___ DATA PROVIDED ___

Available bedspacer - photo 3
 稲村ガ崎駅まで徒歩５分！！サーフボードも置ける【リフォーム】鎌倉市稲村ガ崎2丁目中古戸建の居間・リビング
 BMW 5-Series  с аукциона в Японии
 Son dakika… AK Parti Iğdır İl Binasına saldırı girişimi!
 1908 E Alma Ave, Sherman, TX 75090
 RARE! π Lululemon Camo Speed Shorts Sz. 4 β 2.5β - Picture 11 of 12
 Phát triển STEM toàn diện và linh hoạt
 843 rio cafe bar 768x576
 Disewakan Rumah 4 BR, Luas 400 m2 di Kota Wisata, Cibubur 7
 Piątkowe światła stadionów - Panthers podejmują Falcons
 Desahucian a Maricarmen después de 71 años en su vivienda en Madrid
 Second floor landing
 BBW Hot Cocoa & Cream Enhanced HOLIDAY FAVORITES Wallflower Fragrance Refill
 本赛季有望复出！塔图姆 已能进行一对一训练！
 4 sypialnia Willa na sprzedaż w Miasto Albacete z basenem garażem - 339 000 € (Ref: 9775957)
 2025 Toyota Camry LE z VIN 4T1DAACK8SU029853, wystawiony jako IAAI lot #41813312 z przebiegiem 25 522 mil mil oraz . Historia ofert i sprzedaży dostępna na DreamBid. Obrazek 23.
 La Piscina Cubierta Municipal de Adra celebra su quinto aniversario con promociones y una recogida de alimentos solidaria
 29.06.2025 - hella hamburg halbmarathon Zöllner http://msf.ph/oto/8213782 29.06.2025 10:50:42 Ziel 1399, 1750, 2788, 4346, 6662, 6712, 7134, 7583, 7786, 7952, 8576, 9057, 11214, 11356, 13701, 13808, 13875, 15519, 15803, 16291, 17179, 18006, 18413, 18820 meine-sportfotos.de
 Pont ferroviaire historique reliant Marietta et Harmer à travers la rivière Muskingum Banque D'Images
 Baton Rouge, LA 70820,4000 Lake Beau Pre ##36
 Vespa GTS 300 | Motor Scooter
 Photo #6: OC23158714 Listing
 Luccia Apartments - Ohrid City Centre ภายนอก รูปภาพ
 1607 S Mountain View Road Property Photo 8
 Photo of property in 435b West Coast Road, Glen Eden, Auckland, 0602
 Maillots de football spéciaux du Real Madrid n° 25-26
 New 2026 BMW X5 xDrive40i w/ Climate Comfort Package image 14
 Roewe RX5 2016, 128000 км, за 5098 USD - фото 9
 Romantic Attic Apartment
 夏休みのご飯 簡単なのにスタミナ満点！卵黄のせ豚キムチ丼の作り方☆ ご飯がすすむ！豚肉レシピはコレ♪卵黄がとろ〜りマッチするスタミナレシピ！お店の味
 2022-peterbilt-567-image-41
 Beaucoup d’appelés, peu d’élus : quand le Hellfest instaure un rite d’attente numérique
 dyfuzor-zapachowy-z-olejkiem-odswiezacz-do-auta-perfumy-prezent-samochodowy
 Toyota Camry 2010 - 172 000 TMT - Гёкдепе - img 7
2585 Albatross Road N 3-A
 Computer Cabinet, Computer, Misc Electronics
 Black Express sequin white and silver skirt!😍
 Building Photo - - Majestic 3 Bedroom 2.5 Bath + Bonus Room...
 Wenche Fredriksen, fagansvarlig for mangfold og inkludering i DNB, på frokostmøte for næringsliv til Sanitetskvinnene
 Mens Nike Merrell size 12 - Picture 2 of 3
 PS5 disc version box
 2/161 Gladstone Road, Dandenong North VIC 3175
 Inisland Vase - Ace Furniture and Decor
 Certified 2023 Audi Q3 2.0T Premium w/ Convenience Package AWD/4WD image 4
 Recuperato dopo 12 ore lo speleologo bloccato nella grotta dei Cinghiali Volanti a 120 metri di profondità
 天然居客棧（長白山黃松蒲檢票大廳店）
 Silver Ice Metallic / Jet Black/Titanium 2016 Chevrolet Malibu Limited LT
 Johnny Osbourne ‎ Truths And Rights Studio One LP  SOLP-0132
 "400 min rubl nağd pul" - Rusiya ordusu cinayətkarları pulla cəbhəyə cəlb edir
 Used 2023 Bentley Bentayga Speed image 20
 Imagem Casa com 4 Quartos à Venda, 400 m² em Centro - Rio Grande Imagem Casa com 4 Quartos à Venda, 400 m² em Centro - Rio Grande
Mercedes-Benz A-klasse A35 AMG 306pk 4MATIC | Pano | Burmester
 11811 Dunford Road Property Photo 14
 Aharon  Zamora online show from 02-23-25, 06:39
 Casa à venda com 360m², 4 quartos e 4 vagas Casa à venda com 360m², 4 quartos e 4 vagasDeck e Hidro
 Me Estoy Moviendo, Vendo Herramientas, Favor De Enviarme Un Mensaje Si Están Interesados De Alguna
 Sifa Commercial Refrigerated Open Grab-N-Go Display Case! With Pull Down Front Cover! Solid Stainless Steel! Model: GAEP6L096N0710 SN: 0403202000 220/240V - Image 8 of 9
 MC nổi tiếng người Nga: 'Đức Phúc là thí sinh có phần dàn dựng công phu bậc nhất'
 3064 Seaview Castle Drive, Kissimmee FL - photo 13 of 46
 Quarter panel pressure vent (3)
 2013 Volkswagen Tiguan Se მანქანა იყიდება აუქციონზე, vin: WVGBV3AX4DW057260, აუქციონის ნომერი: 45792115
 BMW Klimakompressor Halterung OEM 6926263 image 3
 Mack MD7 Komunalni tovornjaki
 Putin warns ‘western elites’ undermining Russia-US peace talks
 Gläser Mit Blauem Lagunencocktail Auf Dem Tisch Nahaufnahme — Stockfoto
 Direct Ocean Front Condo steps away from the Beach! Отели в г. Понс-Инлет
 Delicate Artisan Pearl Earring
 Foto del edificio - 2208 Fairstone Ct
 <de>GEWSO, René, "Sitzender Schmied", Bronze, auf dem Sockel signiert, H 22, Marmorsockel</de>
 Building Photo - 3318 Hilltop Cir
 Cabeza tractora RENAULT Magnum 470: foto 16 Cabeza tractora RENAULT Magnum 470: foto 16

___

AIM OF THE TASK >> Give again each line shown above, keeping every word as it is.

WRITTEN SOLUTION >>
Available bedspacer - photo 3
 稲村ガ崎駅まで徒歩５分！！サーフボードも置ける【リフォーム】鎌倉市稲村ガ崎2丁目中古戸建の居間・リビング
 BMW 5-Series  с аукциона в Японии
 Son dakika… AK Parti Iğdır İl Binasına saldırı girişimi!
 1908 E Alma Ave, Sherman, TX 75090
 RARE! π Lululemon Camo Speed Shorts Sz. 4 β 2.5β - Picture 11 of 12
 Phát triển STEM toàn diện và linh hoạt
 843 rio cafe bar 768x576
 Disewakan Rumah 4 BR, Luas 400 m2 di Kota Wisata, Cibubur 7
 Piątkowe światła stadionów - Panthers podejmują Falcons
 Desahucian a Maricarmen después de 71 años en su vivienda en Madrid
 Second floor landing
 BBW Hot Cocoa & Cream Enhanced HOLIDAY FAVORITES Wallflower Fragrance Refill
 本赛季有望复出！塔图姆 已能进行一对一训练！
 4 sypialnia Willa na sprzedaż w Miasto Albacete z basenem garażem - 339 000 € (Ref: 9775957)
 2025 Toyota Camry LE z VIN 4T1DAACK8SU029853, wystawiony jako IAAI lot #41813312 z przebiegiem 25 522 mil mil oraz . Historia ofert i sprzedaży dostępna na DreamBid. Obrazek 23.
 La Piscina Cubierta Municipal de Adra celebra su quinto aniversario con promociones y una recogida de alimentos solidaria
 29.06.2025 - hella hamburg halbmarathon Zöllner http://msf.ph/oto/8213782 29.06.2025 10:50:42 Ziel 1399, 1750, 2788, 4346, 6662, 6712, 7134, 7583, 7786, 7952, 8576, 9057, 11214, 11356, 13701, 13808, 13875, 15519, 15803, 16291, 17179, 18006, 18413, 18820 meine-sportfotos.de
 Pont ferroviaire historique reliant Marietta et Harmer à travers la rivière Muskingum Banque D'Images
 Baton Rouge, LA 70820,4000 Lake Beau Pre ##36
 Vespa GTS 300 | Motor Scooter
 Photo #6: OC23158714 Listing
 Luccia Apartments - Ohrid City Centre ภายนอก รูปภาพ
 1607 S Mountain View Road Property Photo 8
 Photo of property in 435b West Coast Road, Glen Eden, Auckland, 0602
 Maillots de football spéciaux du Real Madrid n° 25-26
 New 2026 BMW X5 xDrive40i w/ Climate Comfort Package image 14
 Roewe RX5 2016, 128000 км, за 5098 USD - фото 9
 Romantic Attic Apartment
 夏休みのご飯 簡単なのにスタミナ満点！卵黄のせ豚キムチ丼の作り方☆ ご飯がすすむ！豚肉レシピはコレ♪卵黄がとろ〜りマッチするスタミナレシピ！お店の味
 2022-peterbilt-567-image-41
 Beaucoup d’appelés, peu d’élus : quand le Hellfest instaure un rite d’attente numérique
 dyfuzor-zapachowy-z-olejkiem-odswiezacz-do-auta-perfumy-prezent-samochodowy
 Toyota Camry 2010 - 172 000 TMT - Гёкдепе - img 7
2585 Albatross Road N 3-A
 Computer Cabinet, Computer, Misc Electronics
 Black Express sequin white and silver skirt!😍
 Building Photo - - Majestic 3 Bedroom 2.5 Bath + Bonus Room...
 Wenche Fredriksen, fagansvarlig for mangfold og inkludering i DNB, på frokostmøte for næringsliv til Sanitetskvinnene
 Mens Nike Merrell size 12 - Picture 2 of 3
 PS5 disc version box
 2/161 Gladstone Road, Dandenong North VIC 3175
 Inisland Vase - Ace Furniture and Decor
 Certified 2023 Audi Q3 2.0T Premium w/ Convenience Package AWD/4WD image 4
 Recuperato dopo 12 ore lo speleologo bloccato nella grotta dei Cinghiali Volanti a 120 metri di profondità
 天然居客棧（長白山黃松蒲檢票大廳店）
 Silver Ice Metallic / Jet Black/Titanium 2016 Chevrolet Malibu Limited LT
 Johnny Osbourne ‎ Truths And Rights Studio One LP  SOLP-0132
 "400 min rubl nağd pul" - Rusiya ordusu cinayətkarları pulla cəbhəyə cəlb edir
 Used 2023 Bentley Bentayga Speed image 20
 Imagem Casa com 4 Quartos à Venda, 400 m² em Centro - Rio Grande Imagem Casa com 4 Quartos à Venda, 400 m² em Centro - Rio Grande
Mercedes-Benz A-klasse A35 AMG 306pk 4MATIC | Pano | Burmester
 11811 Dunford Road Property Photo 14
 Aharon  Zamora online show from 02-23-25, 06:39
 Casa à venda com 360m², 4 quartos e 4 vagas Casa à venda com 360m², 4 quartos e 4 vagasDeck e Hidro
 Me Estoy Moviendo, Vendo Herramientas, Favor De Enviarme Un Mensaje Si Están Interesados De Alguna
 Sifa Commercial Refrigerated Open Grab-N-Go Display Case! With Pull Down Front Cover! Solid Stainless Steel! Model: GAEP6L096N0710 SN: 0403202000 220/240V - Image 8 of 9
 MC nổi tiếng người Nga: 'Đức Phúc là thí sinh có phần dàn dựng công phu bậc nhất'
 3064 Seaview Castle Drive, Kissimmee FL - photo 13 of 46
 Quarter panel pressure vent (3)
 2013 Volkswagen Tiguan Se მანქანა იყიდება აუქციონზე, vin: WVGBV3AX4DW057260, აუქციონის ნომერი: 45792115
 BMW Klimakompressor Halterung OEM 6926263 image 3
 Mack MD7 Komunalni tovornjaki
 Putin warns ‘western elites’ undermining Russia-US peace talks
 Gläser Mit Blauem Lagunencocktail Auf Dem Tisch Nahaufnahme — Stockfoto
 Direct Ocean Front Condo steps away from the Beach! Отели в г. Понс-Инлет
 Delicate Artisan Pearl Earring
 Foto del edificio - 2208 Fairstone Ct
 <de>GEWSO, René, "Sitzender Schmied", Bronze, auf dem Sockel signiert, H 22, Marmorsockel</de>
 Building Photo - 3318 Hilltop Cir
 Cabeza tractora RENAULT Magnum 470: foto 16 Cabeza tractora RENAULT Magnum 470: foto 16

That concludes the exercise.